マナーのシンプルな基本が書かれた「『ファーストクラスで学んだ ひとつ上のおもてなし ~3%のビジネスエリートを満足させる日本人の「技術』/美月 あきこ」

 おもてなしについての、実にシンプルな土台が書かれていました。

その場を一瞬で「ファーストクラス」に変える、おもてなしの技術

お客様の質問から「真意」を察する
大切なのは最初の返事「はい」
相手が発している「サイン」をいち早く読みとると、先手が打てる
先輩に教えられた大切な心構え――「自宅」にお招きしたと思いなさい
「創業社長」がさりげなく社内で実践しているおもてなし
ファーストクラスのCAから見た「感服のおもてなし」「ダメなサービス」
私がクライアント先で「トイレ」の場所を聞く理由
鳥肌が立つくらい感動させられた老舗旅館の「チームプレイ」

(本の帯より)」

おもてなしは“オーダーメイド”なのです

ファーストクラスの空間には、おもてなしの心が行き届いています。
おもてなしは、マニュアルで管理・指示できるものではありません。一人ひとりのお客様に対して、一人ひとりのCAがご要望を察することから生まれる思いやりの表現であり、オーダーメイドなのです。
おもてなしを、CAは訓練で身につけます。その際に大事なのは、相手の気持ちを察することであり、相手のどこに注目するか。その意味で、ファーストクラスを担当するCAは、目のつけどころが違うといえるでしょう。
「はじめに」より

(本の概略より)」

 自己啓発系の本で、「おもてなし」の心得や効果などが書かれています。著者は元CAで、ファーストクラスにも携わってことがあり、そのファーストクラスでの仕事などを通じて、「おもてなし」についての経験したことを語っています。
 内容は、意味「分かってるよ」って感じるかもしれません。でも、実はそうした「分かってるよ」と思うことが結構、大変なことでもあったりします。「おもてなし」は相手に対しての思いやることだといえ、「おもいやり」の意味から、「おもいやり」を表現するためのちょっとした技術的なことなどが盛り込まれています。
 それらの内容は、実は基本的なことを言ってもおり、実はシンプルなことでした。表現が悪いかもしれませんが、「それ、当り前かも」とか感じるかもしれません。しかし、そのシンプルなことが、実は難しかったりします。つまり、シンプルなことは追及すると、奥深いモノだからです。
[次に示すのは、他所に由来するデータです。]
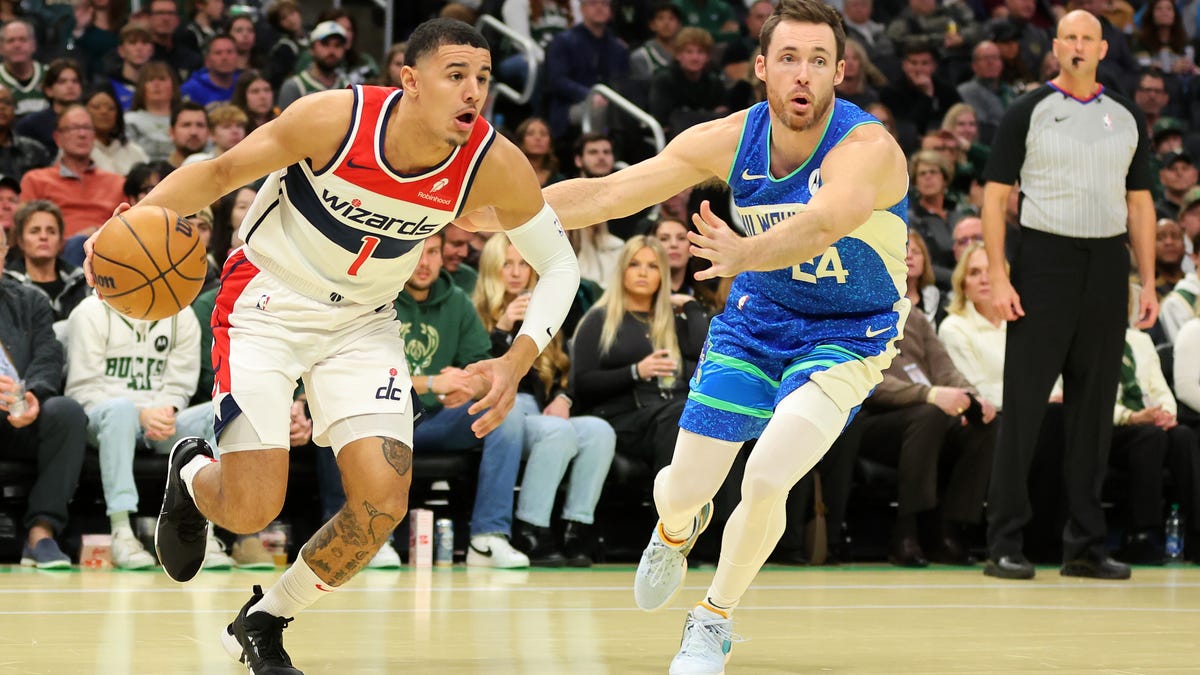 Former Badgers star Johnny Davis signs Exhibit 10 deal with Bucks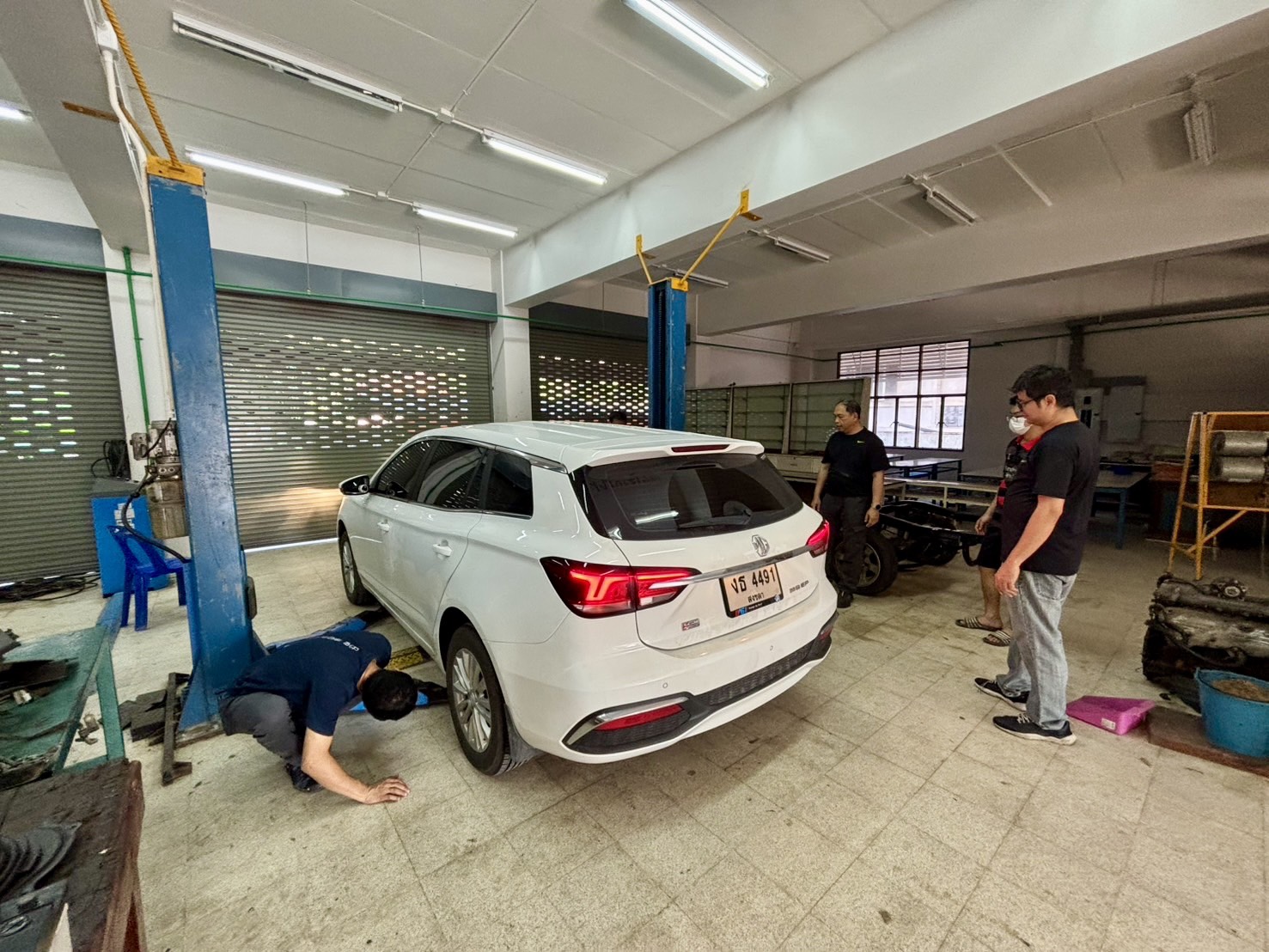 ภาพบรรยากาศทีมนักวิจัย สวทช. ลงพื้นที่ให้ความรู้การตรวจประเมินยานยนต์ไฟฟ้า (EV) รถไฮบริด และรถปลั๊กอินไฮบริด จากสถานการณ์น้ำท่วมพื้นที่ภาคใต้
 そういうことから、「どう読むか」でこの本の印象が大きく変わってくるでしょう。ある意味、分かっていることでも、それを真に受け止めるならば、著者の真意が心にしみ込んでくると思います。(まぁ、これはどの本でもいえますが、笑)。
 ヒントはたくさん盛り込まれていますが、いきつくことは根本的な一つのことです。ヒントがいきつく先に、真の意味であるその「一つのこと」がなければ、ヒントは色あせてしまうでしょう。

 そして、この本のタイトルの「ファーストクラス」ですが、CAだけではなく、接客業などサービス業にもいえることはもちろん、それだけにはおさまらないと思います。
 人と関わりのあるモノゴトは全てにおいていえることから、全てのモノゴトにも当てはまる内容で、それぞれのモノゴトに取り入れるための工夫をどうするか、で全てのモノゴトにも応用できるでしょう。

 「おもてなし」は「マナー」といったことにもつながってくると思います。
 「おもてなし」の技術的なヒントが、著者や情報収集から得られた内容が例として、多々盛り込まれていますが、要は「おもてなし」の真の意味を伝え、その効果を伝えようとしている本でした。
 なので、シンプルなことで、ある意味「もっと刺激的な、アイデアや驚くようなこと」を期待すると物足りないかもしれません。でも、モノの考え方をちょっとした変化で捉えられ、身近でできるような感じでもあるので、取り入れやすいちょっとした改善本ともいえるかもしれません。
 つまり、「自分でもできるんでは!」っという感じで、すぐに取り入れる内容が盛り込まれています。もちろん、真髄はとっても「奥深い」ものですが。